La diversité des textes proposés dans ce recueil démontre l’ampleur du talent de Mark Twain en mettant en évidence sa capacité à écrire, avec le même talent et le même bonheur, dans des genres littéraires fort différents : journal, article de presse, épopée médiévale, essai littéraire. De nombreux auteurs montrent souvent comment les petites histoires contribuent à écrire la grande Histoire, en entreprenant une démarche inverse Mark Twain montre comment la grande Histoire peut accoucher de petites histoires fort alléchantes.

Le recueil sur le site de l’éditeur


La reconstitution

François Degrande

Lamiroy


Pour rédiger la nouvelle présentée dans le numéro #224 de sa célèbre collection Opuscule, les Editions Lamiroy ont ouvert leurs pages à François Degrande qui a proposé un texte entre burlesque, absurde, satire et dénonciation de l’incompétence de la justice et de la police.

Ce texte, c’est une histoire mise au moins en quatre niveaux d’abyme. C’est l’histoire du meurtre d’une jeune femme, chanteuse et guitariste, qui devait donner, avec son conjoint, un concert dans une petite ville de la côte belge de la Mer du Nord. La jeune femme ayant été retrouvée morte dans la chambre de l’hôtel qu’ils occupaient, après enquête, la police déclare qu’elle a été assassinée par son mari. La jeune juge d’instruction à qui l’affaire a été confiée organise une reconstitution avec le mari qui déclare vivement qu’il n’est pour rien dans cette affaire, et une jeune fille servant de mannequin vivant pour remplacer la poupée gonflable emportée par un fort vent de mer. La reconstitution est si probante que le mannequin n’y résiste pas et, à son tour décède… Les opérations sont suspendues jusqu’à ce qu’une nouvelle reconstitution soit confiée à un autre juge d’instruction qui organise en même temps une reconstitution de la reconstitution, avec, vous l’aurez compris les mêmes résultats que la première… Il faut donc… Jusqu’à ce que chacun des acteurs ayant participé aux reconstitutions précédentes se présente pour la suite des opérations accompagné de son avocat, ce qui vous l’aurez compris représente une foule considérable !

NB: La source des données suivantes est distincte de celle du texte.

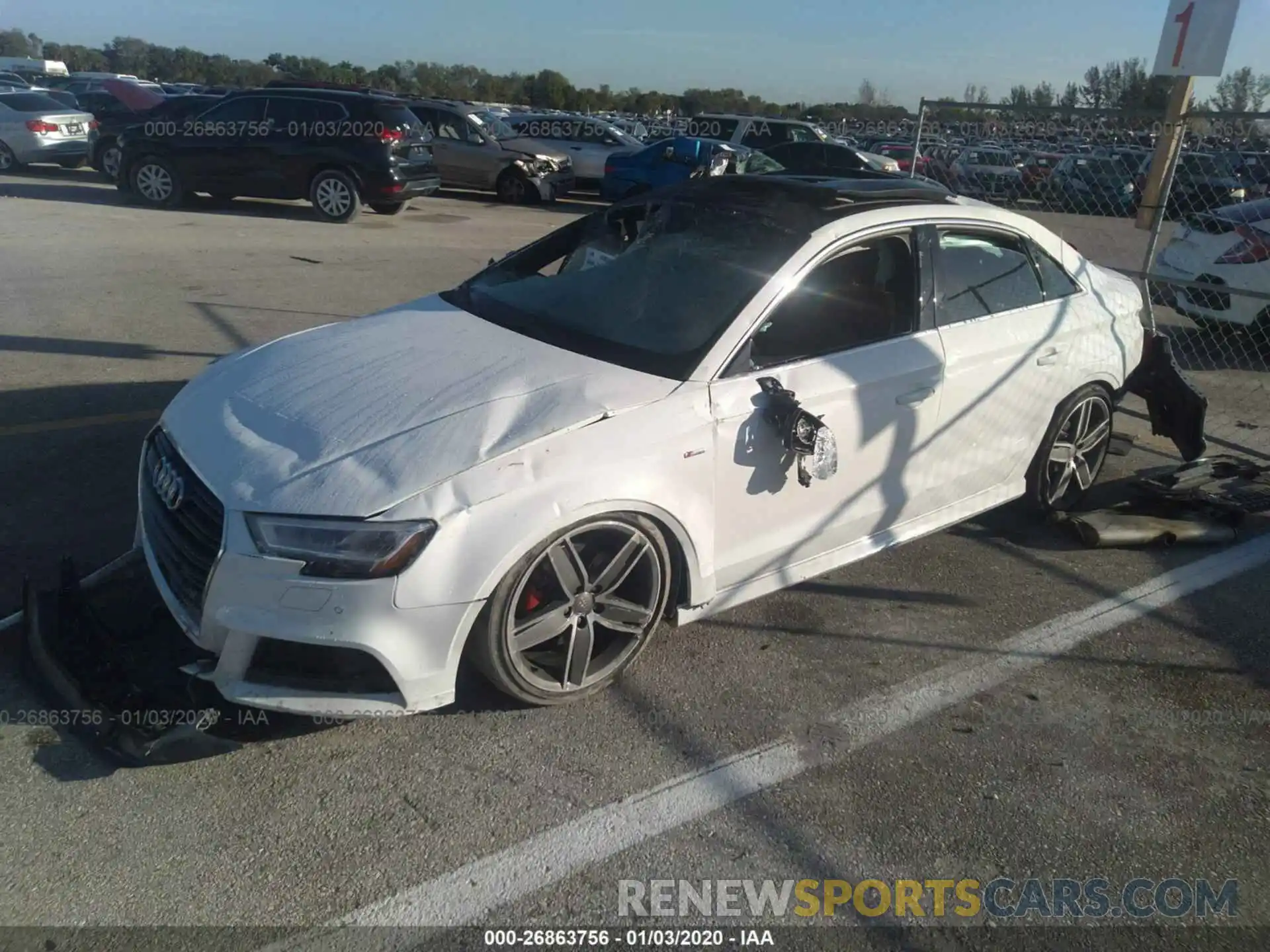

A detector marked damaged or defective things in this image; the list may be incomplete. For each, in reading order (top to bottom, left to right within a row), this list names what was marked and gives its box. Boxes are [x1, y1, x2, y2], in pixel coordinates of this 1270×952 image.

Cette histoire totalement improbable se présente un peu comme un exercice de style dans lequel l’auteur joue sur la mise en abyme. Un exercice qui m’a rappelé un maître en la matière que j’ai lu il y a déjà bien des années, le Comte Jan Potocki qui a écrit : Le manuscrit trouvé à Saragosse dans lequel les aventures des personnages s‘imbriquent les unes dans les autres toujours sous la même forme sur au moins six niveaux de narration.

On peut voir aussi dans ce texte une satire de la lourdeur et de la complexité de l’appareil judiciaire souvent mis en échec dans un certain nombre d’affaires pourtant fort retentissantes.